また来たのか。
いつの間にか私の隣には彼女が居る。公園の2人用ベンチに並んで座り、まるで友人のように。
だけど、余り悪い気はしなかった。私の事を聞いてこないし、一方的に話すこともしない。
本を読んでいる時は、近くの自動販売機で珈琲を買ってきたりする。―――これは少し困るが、悪い気はしない。
「最近」
彼女はポツリと呟く。
「花畑を思い出すんです」
「花畑を?」
私は彼女を見る。彼女の横顔は何処か遠くを見ていた。
「はい、夜で満月なんかも出て。幻想的ではあるんですが。何だか悲しい気持ちになるんです」
そっと目が細くなる。今にも泣いてしまいそうだ。
「何で、悲しくなるの?」
彼女は私を見て首を左右に振った。
「分かりません。只々、悲しいんです」
秋風が銀杏の葉を撫でる。小さい渦ができ、辺りを散らかす。
静かに涙が流れている。何だか言いようのない感覚を覚え、私はポケットからハンカチを差し出す。
「あぁ、ありがとうございます。ですが」
受け取ろうとしない彼女に私は溜め息を漏らしながら、頬を伝う雫を拭った。
「………え?」
「私にも分からないけど、何だか落ち着かないから」
分からない、泣いている彼女を見るのは嫌だった。
〈続〉
海のさざ波が聞こえる。
私は一人、目を覚ました。
空には満月。
青白い空を視界に収める。
ゆっくりと半身を起こし、辺りを見渡す。一面赤かった。風に触れ、花びらがそよぐ。
彼岸花だ。優しく包む月光に彼岸花が照らされる。
しんと悲しくなる。美しいのに、無性に悲しくなる。と、目の前で誰かの影が行き過ぎる。手を伸ばす、痣がある女性の影。

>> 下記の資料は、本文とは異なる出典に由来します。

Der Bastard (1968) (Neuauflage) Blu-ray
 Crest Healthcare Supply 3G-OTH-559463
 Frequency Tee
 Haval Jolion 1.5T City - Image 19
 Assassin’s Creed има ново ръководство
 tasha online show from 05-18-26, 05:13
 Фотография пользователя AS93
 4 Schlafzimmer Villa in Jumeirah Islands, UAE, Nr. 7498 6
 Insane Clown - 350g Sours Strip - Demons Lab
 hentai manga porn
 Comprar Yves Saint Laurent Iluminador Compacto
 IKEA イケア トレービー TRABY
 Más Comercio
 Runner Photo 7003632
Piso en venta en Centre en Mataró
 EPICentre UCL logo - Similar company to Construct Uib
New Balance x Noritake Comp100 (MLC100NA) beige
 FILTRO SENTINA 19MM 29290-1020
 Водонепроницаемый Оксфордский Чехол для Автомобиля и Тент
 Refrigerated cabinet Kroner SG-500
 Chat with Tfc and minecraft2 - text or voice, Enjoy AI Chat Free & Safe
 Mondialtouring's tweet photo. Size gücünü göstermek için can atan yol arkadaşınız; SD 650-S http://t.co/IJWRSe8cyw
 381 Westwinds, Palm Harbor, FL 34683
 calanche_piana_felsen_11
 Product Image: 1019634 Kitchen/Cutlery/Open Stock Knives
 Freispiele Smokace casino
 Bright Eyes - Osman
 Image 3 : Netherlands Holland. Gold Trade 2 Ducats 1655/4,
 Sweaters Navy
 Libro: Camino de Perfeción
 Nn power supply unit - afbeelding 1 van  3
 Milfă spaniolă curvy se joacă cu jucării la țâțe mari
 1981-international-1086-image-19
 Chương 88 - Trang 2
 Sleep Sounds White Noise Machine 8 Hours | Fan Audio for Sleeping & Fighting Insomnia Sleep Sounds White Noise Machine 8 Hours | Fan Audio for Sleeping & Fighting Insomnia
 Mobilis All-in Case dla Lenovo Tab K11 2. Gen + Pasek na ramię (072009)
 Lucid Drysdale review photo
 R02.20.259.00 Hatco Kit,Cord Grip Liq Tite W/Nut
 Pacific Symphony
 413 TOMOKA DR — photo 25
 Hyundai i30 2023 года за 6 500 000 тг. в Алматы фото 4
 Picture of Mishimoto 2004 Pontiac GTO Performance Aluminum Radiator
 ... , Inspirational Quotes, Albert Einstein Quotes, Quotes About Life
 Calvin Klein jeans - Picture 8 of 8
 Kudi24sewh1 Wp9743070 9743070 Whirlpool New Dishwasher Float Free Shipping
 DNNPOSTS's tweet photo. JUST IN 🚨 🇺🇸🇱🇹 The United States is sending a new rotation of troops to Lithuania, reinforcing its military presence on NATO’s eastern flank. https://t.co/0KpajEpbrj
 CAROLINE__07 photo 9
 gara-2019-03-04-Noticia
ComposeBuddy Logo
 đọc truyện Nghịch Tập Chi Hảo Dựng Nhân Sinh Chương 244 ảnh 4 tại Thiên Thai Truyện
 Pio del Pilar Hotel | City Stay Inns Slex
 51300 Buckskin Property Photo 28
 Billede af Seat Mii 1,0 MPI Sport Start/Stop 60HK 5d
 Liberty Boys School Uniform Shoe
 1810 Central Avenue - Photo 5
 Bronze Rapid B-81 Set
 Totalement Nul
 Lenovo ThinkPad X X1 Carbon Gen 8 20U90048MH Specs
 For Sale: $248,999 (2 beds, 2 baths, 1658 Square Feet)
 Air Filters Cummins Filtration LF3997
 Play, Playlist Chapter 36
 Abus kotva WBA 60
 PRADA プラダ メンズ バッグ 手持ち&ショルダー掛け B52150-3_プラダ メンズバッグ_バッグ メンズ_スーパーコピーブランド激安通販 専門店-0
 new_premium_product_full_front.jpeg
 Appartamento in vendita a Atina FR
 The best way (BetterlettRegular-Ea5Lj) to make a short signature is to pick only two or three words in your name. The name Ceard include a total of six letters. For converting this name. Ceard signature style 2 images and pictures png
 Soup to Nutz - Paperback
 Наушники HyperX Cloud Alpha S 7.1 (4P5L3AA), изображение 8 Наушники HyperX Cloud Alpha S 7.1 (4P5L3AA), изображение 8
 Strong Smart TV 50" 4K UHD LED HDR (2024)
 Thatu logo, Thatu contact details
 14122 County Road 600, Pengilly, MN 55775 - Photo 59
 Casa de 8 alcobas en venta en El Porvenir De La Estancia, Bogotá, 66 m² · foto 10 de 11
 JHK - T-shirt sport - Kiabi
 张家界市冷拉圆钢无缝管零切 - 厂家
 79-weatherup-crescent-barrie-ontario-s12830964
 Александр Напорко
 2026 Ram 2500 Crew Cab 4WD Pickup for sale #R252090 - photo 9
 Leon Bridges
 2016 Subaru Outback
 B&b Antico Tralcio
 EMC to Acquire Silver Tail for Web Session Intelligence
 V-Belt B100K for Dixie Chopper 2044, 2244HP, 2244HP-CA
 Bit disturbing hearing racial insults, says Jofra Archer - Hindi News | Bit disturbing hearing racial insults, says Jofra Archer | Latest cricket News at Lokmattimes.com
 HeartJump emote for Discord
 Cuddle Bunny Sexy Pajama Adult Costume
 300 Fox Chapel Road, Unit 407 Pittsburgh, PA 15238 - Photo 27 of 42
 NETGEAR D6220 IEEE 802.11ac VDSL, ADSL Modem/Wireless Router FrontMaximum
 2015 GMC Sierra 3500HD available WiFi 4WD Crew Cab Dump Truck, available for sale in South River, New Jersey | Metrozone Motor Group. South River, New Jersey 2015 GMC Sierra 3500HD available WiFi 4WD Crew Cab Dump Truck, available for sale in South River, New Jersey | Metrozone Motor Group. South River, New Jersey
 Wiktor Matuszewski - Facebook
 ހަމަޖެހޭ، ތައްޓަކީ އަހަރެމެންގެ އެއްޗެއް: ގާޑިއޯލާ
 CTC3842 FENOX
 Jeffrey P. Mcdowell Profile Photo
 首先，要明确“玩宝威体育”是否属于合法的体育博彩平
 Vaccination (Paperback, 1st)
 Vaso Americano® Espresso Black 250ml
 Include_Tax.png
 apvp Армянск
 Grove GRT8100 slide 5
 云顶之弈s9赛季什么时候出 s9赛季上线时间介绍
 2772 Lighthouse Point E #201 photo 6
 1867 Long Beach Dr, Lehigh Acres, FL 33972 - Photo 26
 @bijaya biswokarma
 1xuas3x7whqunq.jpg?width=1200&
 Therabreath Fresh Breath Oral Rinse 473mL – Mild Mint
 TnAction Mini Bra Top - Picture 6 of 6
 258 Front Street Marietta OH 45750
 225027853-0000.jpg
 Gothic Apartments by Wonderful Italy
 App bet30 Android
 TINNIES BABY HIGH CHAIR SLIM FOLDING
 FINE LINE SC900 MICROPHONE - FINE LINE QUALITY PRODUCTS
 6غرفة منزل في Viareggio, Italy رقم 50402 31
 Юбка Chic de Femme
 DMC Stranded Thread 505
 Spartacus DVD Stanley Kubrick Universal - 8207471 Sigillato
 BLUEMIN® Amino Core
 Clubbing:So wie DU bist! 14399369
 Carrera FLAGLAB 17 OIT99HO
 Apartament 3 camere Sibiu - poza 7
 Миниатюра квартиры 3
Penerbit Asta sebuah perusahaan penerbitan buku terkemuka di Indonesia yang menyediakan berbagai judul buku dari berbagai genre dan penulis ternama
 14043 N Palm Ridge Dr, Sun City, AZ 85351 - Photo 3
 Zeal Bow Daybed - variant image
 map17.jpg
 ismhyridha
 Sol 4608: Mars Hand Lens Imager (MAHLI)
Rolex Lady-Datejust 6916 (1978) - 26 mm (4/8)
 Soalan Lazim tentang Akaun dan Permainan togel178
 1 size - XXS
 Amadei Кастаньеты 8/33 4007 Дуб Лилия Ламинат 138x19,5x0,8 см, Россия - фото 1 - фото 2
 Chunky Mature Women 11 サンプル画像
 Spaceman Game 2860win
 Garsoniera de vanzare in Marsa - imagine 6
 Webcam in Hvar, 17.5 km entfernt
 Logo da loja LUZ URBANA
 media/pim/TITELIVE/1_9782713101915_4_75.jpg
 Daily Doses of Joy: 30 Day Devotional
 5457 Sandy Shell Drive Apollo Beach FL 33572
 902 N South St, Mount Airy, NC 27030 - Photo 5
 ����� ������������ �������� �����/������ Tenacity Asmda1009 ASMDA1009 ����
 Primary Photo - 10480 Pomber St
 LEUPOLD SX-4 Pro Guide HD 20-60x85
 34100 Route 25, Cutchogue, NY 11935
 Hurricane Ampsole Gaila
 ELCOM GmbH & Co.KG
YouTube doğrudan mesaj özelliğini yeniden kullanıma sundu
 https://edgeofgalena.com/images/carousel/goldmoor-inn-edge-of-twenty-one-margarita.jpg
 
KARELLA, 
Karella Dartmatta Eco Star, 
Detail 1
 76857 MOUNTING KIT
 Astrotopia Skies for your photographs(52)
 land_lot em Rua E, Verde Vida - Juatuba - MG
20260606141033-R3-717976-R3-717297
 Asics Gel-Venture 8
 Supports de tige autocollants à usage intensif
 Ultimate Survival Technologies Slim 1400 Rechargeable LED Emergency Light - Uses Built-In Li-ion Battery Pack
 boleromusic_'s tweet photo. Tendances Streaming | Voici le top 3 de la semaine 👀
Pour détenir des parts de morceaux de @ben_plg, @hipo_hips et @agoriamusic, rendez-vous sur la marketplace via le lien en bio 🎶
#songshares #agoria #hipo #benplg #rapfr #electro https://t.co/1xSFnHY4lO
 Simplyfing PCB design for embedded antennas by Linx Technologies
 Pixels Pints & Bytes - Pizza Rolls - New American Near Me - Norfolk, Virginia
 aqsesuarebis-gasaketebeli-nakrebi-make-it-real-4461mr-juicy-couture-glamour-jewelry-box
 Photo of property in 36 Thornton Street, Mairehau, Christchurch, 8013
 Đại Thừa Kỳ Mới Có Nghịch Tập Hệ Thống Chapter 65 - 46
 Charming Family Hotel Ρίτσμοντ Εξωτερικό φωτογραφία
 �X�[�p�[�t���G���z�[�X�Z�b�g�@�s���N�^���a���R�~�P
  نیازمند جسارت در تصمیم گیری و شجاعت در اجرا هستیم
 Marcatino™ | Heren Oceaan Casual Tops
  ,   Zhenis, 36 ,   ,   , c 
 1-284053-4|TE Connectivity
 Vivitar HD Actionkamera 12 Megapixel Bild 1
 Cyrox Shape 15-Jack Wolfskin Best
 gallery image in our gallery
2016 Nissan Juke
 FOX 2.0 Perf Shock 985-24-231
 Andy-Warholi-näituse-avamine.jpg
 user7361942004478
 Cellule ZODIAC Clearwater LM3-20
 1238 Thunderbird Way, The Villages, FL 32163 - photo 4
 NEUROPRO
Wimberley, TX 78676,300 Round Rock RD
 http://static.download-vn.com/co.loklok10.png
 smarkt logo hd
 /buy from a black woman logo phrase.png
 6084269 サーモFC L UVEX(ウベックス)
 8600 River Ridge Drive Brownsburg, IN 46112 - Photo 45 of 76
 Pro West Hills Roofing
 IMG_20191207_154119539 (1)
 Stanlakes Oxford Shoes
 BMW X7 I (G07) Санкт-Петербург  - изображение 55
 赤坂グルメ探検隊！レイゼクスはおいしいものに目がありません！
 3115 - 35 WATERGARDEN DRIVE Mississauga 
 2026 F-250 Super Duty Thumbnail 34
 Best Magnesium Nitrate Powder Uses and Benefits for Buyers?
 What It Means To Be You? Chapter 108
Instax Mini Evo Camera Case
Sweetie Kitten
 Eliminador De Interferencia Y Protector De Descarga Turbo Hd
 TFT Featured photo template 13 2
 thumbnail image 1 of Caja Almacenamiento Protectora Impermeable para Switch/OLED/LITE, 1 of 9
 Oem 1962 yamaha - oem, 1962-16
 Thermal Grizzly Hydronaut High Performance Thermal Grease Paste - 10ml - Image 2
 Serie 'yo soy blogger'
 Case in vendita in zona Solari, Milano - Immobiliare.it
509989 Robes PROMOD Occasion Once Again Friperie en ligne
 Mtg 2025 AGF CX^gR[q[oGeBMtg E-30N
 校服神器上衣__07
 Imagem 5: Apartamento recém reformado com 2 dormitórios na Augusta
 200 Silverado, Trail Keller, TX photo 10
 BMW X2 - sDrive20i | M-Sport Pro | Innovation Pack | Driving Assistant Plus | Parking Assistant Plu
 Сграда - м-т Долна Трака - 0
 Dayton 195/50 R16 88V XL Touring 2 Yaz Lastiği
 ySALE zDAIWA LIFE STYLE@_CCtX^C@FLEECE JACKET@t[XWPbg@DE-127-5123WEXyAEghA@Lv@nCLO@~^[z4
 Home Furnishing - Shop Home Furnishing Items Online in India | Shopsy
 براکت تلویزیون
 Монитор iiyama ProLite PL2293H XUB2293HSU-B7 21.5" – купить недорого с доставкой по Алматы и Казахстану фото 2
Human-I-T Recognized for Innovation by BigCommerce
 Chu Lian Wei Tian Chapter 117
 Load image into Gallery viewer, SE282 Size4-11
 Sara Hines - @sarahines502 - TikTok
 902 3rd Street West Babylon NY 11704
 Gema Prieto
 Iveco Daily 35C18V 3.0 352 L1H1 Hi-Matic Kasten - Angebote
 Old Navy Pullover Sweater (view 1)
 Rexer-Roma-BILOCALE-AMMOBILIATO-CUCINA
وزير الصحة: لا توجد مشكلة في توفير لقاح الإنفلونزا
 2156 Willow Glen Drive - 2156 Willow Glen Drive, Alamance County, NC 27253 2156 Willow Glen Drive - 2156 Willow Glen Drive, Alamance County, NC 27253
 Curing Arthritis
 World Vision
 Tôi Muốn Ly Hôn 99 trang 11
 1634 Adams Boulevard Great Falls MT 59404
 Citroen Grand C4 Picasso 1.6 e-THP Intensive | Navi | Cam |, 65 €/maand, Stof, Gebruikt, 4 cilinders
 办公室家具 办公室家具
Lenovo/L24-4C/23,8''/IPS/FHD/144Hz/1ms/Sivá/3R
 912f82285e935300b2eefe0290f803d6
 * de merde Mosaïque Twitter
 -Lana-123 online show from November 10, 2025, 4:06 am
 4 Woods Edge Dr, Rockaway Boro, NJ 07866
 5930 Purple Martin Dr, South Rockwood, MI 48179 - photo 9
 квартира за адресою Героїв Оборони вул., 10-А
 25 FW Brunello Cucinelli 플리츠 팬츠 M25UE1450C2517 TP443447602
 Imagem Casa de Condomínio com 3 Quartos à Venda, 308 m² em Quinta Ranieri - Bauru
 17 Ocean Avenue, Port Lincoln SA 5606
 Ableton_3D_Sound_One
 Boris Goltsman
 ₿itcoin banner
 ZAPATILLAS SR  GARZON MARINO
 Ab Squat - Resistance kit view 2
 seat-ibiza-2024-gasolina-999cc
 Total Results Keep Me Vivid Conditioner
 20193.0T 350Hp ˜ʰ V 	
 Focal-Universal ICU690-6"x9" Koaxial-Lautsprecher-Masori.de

誰、だったか。忘れてしまったけれど何故か愛おしい。私は目閉じ、彼女の影を探した。
〈続〉
あの、少し話しませんか?
そう貴方は言った。私は首を振る。
秋空、子供達の声、そして目の前に立つ痣が目立つ女性の影。
私は貴方の事を知らない、話すことはない。と突っぱねた。
だけど、貴方は私の声聞いてか聞かずか、私の隣に腰を落とした。
〈続〉
静寂だけが私の中を満たす。
音、自分が発する音もいつの間にか聞こえない。
息さえ覚束ない。そのくせ苦しくはない。
明日を考える頭もない、このまま静寂の中で終わりを迎えるのだろう。
私は目を閉じる、何処からか声が、懐かしくて切なくさせるこの声は。
誰、だろう………――――。
――――誰か。
――――助けて。
暗闇に零した声は何処か遠くへ消えた。
必死に藻掻けば届くと思っていた、安易な考えは儚く散る。
だから、嬉しかった。貴方の手が、声が。
一人が怖いままでいる私には貴方が唯一の光だった。